Zuhause im Container in Hamburg

Ich habe dieses Grußwort bei der offiziellen Eröffnung des Container Projektes gesprochen. Das Projekt wurde als Notunterkunft für den Winter angefangen, wurde weiterentwickelt und ist jetzt ein beständiger Ort für Obdachlose. Es steht im Hinterhof unseres Männerheims, des Jakob-Junker-Hauses. Es hat dort für 18 Männer und 4 transsexuelle Personen Platz.

Liebe Anwesenden,

ich freue mich, diesen besonderen Tag mit Ihnen teilen zu können. Auf verschiedene Art und Weisen haben Sie dazu beigetragen, dieses Projekt möglich zu machen.

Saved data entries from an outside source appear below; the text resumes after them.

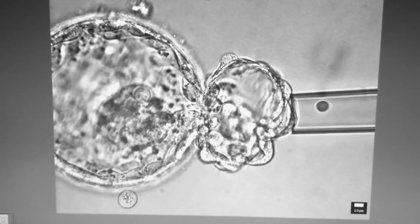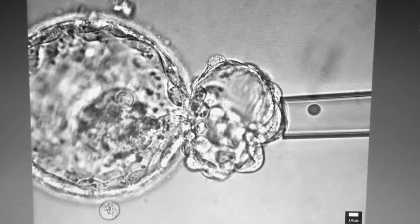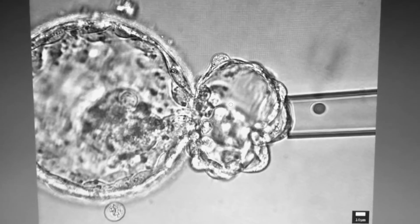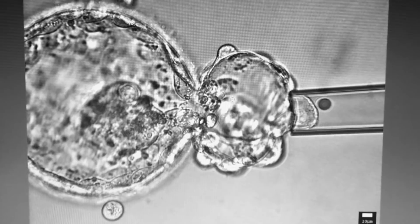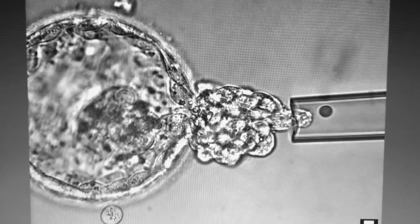In this video, we will be describing the procedure for taking a trophectoderm biopsy for doing PGS or pre-implantation genetic screening. Prior to doing the biopsy, the embryo is hatched approximately 6 hours before the procedure, at the site which is opposite to the inner cell mass.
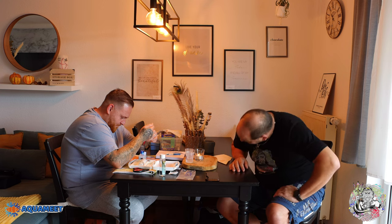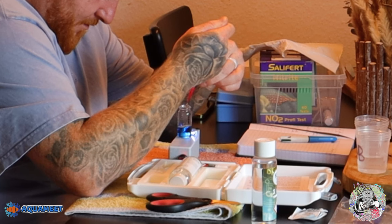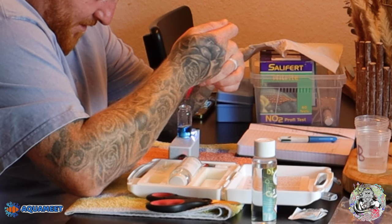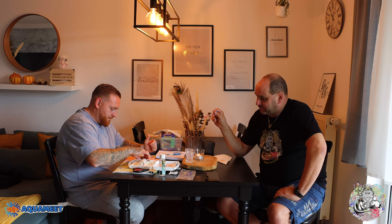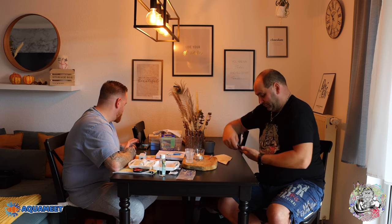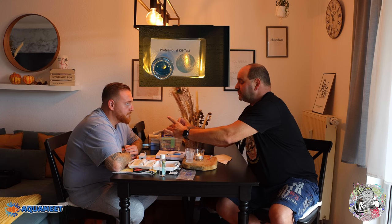Langsam dürfte er kommen – jetzt zwei, drei Tropfen machen. Einer noch. Er fängt an umzuschlagen, ist aber noch nicht auf der Farbe. Jetzt kommt es langsam – Stopp, jetzt haben wir die Farbe. Was auch ganz cool ist an dem Gerät hier, dass das Licht mit drin ist – das finde ich äußerst gut, es gibt einige Geräte wo das nicht der Fall ist. Jetzt checken wir es einmal gegen und das passt. Es ist tatsächlich eine intensivere Färbung. Wo sind wir? Bei 2,7. Der geht bei 2,8 das ist 7,2 und 2,6 sind 7,4.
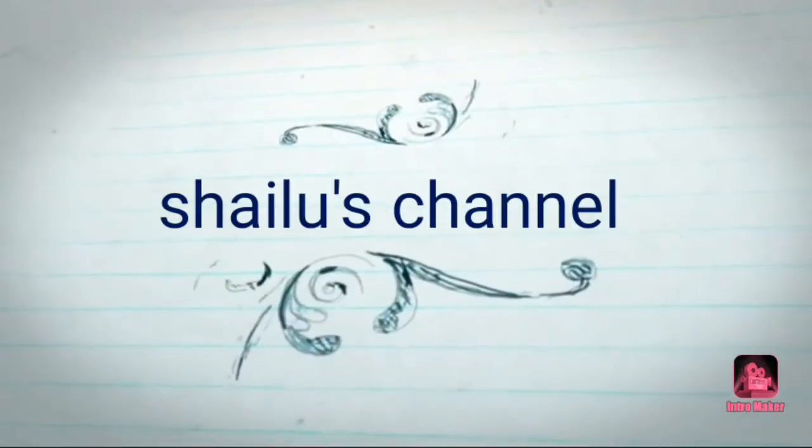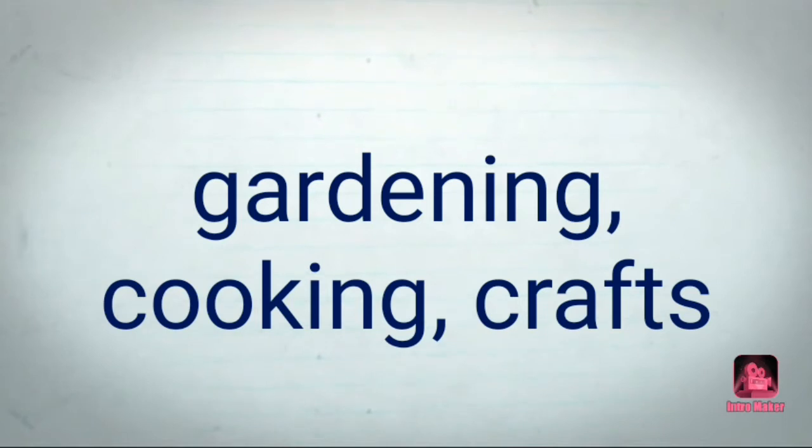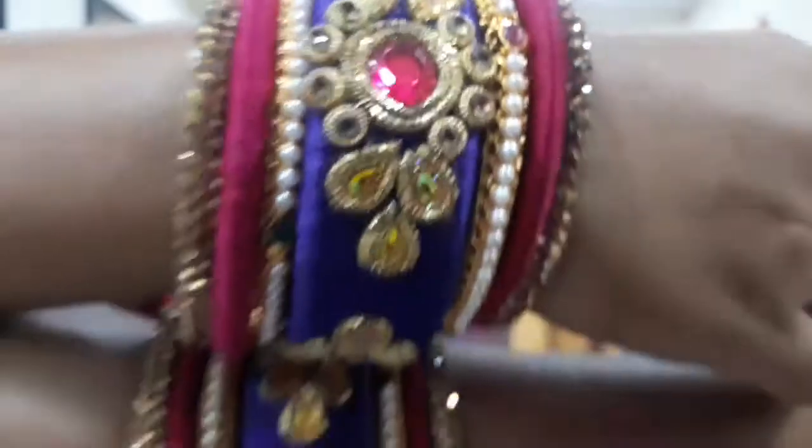Hi friends, my name is Shailaja. Welcome to Shailoo's channel.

Vielleicht haben Sie Ihre Stimme erhoben, um zu sagen, dass es Menschen in unserer Stadt gibt, die eine Unterkunft für die Nacht brauchen.

Vielleicht haben Sie geholfen bei der praktischen Lösung der Container und beim Finden des Geldes, um diese möglich zu machen.

Vielleicht waren Sie involviert in den verschiedenen Schritten, alle formalen Genehmigungen zu bekommen.

Vielleicht sind Sie da, um hier für eine Weile ein Zuhause zu finden und Hoffnung und Hilfe für ein besseres Leben.

An diesem Tag wollen wir feiern, dass wir dies gemeinsam geschafft haben. Dies ist ein gutes Zeichen dafür, was wir erreichen können, wenn verschiedene Gruppen der Gesellschaft für eine gemeinsame Sache zusammenarbeiten, um Menschen ein würdiges Leben zu ermöglichen.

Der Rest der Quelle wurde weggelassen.